Jakarta, 17 Juli 2025 — Ketimpangan sosial yang semakin lebar mendorong perlunya reformasi kebijakan publik dan tata kelola pemerintahan di Indonesia. Kesenjangan pendapatan, terbatasnya akses terhadap layanan dasar seperti pendidikan dan kesehatan, serta timpangnya peluang ekonomi antar kelompok masyarakat dinilai sebagai bukti lemahnya sistem pengelolaan negara saat ini.
Menurut pengamat kebijakan publik Hara Nirankara, ketimpangan sosial di Indonesia tidak hanya disebabkan oleh faktor ekonomi, tetapi juga karena proses pengambilan keputusan yang tidak partisipatif dan kebijakan yang tidak berpihak pada masyarakat rentan. Ia mencontohkan pengesahan Undang-Undang Cipta Kerja (UU Ciptaker) sebagai bentuk nyata dari tata kelola yang tidak adil.
"UU Cipta Kerja disahkan tanpa partisipasi publik yang memadai, dan justru memberikan celah eksploitasi terhadap buruh. Hal ini mencerminkan lemahnya prinsip checks and balances dalam legislasi kita," ujar Hara.

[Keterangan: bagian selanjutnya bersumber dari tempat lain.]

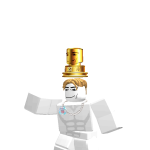 @ooofyguy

UU Ciptaker dan Dampaknya pada Buruh
UU Ciptaker menghapus batas waktu kontrak PKWT (Perjanjian Kerja Waktu Tertentu) dan memperluas skema outsourcing ke seluruh jenis pekerjaan. Akibatnya, buruh semakin rentan kehilangan status karyawan tetap dan jaminan kerja jangka panjang.
Kasus mogok kerja buruh outsourcing di PT Pertamina Petra Niaga menjadi salah satu bukti lemahnya perlindungan terhadap pekerja. Buruh yang bekerja sebagai awak tangki menuntut kepastian kerja karena kontrak mereka terus diperpanjang tanpa kejelasan status tetap, meskipun pekerjaan mereka bersifat permanen.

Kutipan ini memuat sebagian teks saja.